How big do your programs get before you modularise most of it?

Justin C · Dec 10, 2009

I keep writing programs that (for me at least) start getting large. I
know they're small, even by the standard of many of the modules that
I've seen, but how do you decide when to break down your code and
modularise?

Do you only create modules if you think the code is likely to re
re-used, and if it's not then if the program has 10k lines then so
be it?

I fine myself bashing away at the keyboard, and the next thing I know is
that I've got 1000 lines and keeping track of what's where starts
getting complicated (I do love an editor that can fold!). I was just
wondering how others program.

Justin.

ccc31807 · Dec 10, 2009

I keep writing programs that (for me at least) start getting large. I
know they're small, even by the standard of many of the modules that
I've seen, but how do you decide when to break down your code and
modularise?

Do you only create modules if you think the code is likely to re
re-used, and if it's not then if the program has 10k lines then so
be it?

I fine myself bashing away at the keyboard, and the next thing I know is
that I've got 1000 lines and keeping track of what's where starts
getting complicated (I do love an editor that can fold!). I was just
wondering how others program.

From my experience, this is an incremental process.

First, you write a small script sequentially. It consists mostly of a
series of statements with maybe a couple of blocks.

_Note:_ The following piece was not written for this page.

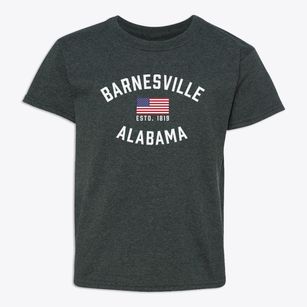 Barnesville Alabama Patriot Youth T-shirt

After a while as your script grows, you see certain patterns and
repetitions, so you move the similar statements to user defined
functions. Then, your program consists mostly of a series of calls to
user defined functions.

Later on, the number of user defined functions increases so you decide
to place functions with similar functionalities in files, which become
modules. Then, your program 'uses' your modules but still consists of
calls to functions.

The largest monolithic program I've written probably contains several
hundred LOC. By the time you hit KLOCs, you have invariably moved to a
modular program. It's actually pretty easy to move from sequential
scripts to user defined functions to user defined modules - mostly a
matter of cut and paste.

I haven't written any OO Perl, but I have written Java, and I find the
Java development style completely different. With Java, I will
decompose the requirements into classes, write the test cases for each
of the classes, and then write the classes. When the classes behave as
they ought, I'll write the main application. In essence, this turns
the development process I use with Perl on its head.

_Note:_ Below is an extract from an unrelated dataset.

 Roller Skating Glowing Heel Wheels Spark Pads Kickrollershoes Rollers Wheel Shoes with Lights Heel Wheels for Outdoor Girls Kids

Interestingly, I've been playing with Lisp for several years, and find
myself writing Lisp a couple of hours a day now. The typical
development style in Lisp is writing and testing the functions that
you use to compose larger structures. The OO development in Lisp also
follows a similar pattern. Since Lisp developers use an interactive
development environment, this style becomes natural and the programs
'grow' more or less in an ad hoc manner (which causes neurotic
reactions in software engineers). Perl 6 supposedly has an interactive
development environment as well, and I'll bet that the Perl community
as a whole will gravitate toward this and away from the typical C
style of designing and developing a program.

CC.

John Bokma · Dec 10, 2009

Sir Robert Burbridge said:
That makes packaging it pretty trivial when it grows past
that. Sometimes putting a couple minutes of thought into it first
shows me that it should *start out* modularized. In that case I still
usually do it all in the same file, until it's time to break it out.

Same here

Jürgen Exner · Dec 10, 2009

Justin C said:
I keep writing programs that (for me at least) start getting large. I
know they're small, even by the standard of many of the modules that
I've seen, but how do you decide when to break down your code and
modularise?

Do you only create modules if you think the code is likely to re
re-used,
No

and if it's not then if the program has 10k lines then so
be it?

And no.

I fine myself bashing away at the keyboard, and the next thing I know is
that I've got 1000 lines and keeping track of what's where starts
getting complicated (I do love an editor that can fold!). I was just
wondering how others program.

That's called spagetthi programming and it is very poor style.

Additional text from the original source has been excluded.